Media General Reports May 2007 Revenues; Provides Second-Quarter Outlook

RICHMOND, Va. – Media General, Inc. (NYSE: MEG) today reported May 2007 total revenues of $75.4 million, a 2.8 percent increase from May 2006, including the revenues of four NBC television stations acquired June 26, 2006.  Excluding the new stations, total revenues declined 7.8 percent.  By business segment, Publishing Division total revenues decreased 12.8 percent.  Broadcast Division total revenues increased 31.3 percent, including the new stations, and decreased 1.9 percent, excluding the new stations.  Interactive Media Division total revenues rose 43.1 percent.

“The economic downturn in Florida continues to hamper our Tampa operations.  This situation is affecting the performance of all three divisions as a result of lower results at The Tampa Tribune, WFLA-TV, and,” said Marshall N. Morton, president and chief executive officer.  “We have implemented a performance improvement plan in Tampa to better align expenses with the current revenue environment, as previously announced, and we are assessing other opportunities.
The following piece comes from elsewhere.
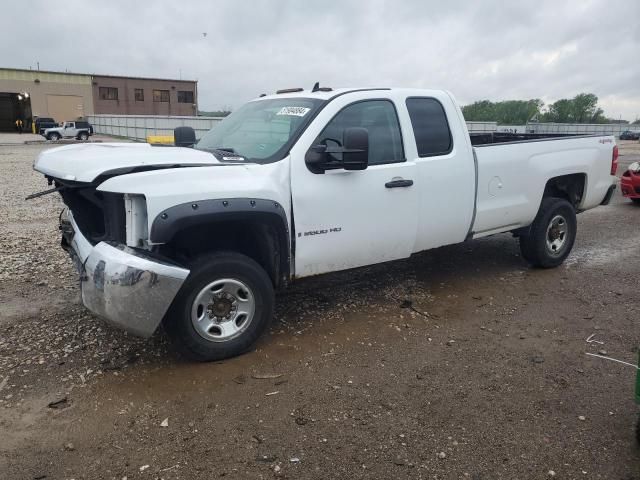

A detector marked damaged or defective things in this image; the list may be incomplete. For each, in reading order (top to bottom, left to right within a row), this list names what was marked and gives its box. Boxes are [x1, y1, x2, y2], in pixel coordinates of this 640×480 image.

crumpled front bumper [60, 209, 189, 338]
“Publishing Division results in May reflected continued significant weakness in Classified advertising.  We were very disappointed to see the Retail category decline, a reflection of major retailers holding back on spending in virtually every market.  We saw a few bright spots in May, including increases in real estate Classified advertising in Richmond, a market that has not yet been severely affected by the national housing downturn.  In addition, National revenues increased at The Richmond Times-Dispatch, the Winston-Salem Journal and in our community newspaper group; however, these increases were offset by a decline at The Tampa Tribune,” said Mr. Morton. 

“In the Broadcast Division, lower same-station gross time sales mostly reflected a $1.2 million decline in Political revenues from May 2006.  Higher National time sales were offset by lower Local time sales.  The performance of our new NBC stations was again short of our expectations, partially due to the ongoing weakness in the primetime line-up.  In addition, these stations are being integrated into Media General systems and they are not fully up to the level we expect to see by early next year. We’ve also launched new initiatives at all four stations that are designed to further enhance their ratings.  Weak market conditions in Columbus and Raleigh further challenged those two stations in May.  Overall in our Broadcast business, shrinking automotive advertising budgets, higher levels of order cancellations, and ad dollars being deferred until later in the year are all having an unfavorable impact,” said Mr. Morton.

“To mitigate the effect of the advertising downturn, in addition to Tampa’s performance improvement plan, we have frozen hiring on most open positions, except sales jobs, which we are accelerating our efforts to fill.  We are reducing discretionary spending wherever possible and have asked all of our properties to accelerate new product introductions and intensify their focus on new revenue development,” said Mr. Morton.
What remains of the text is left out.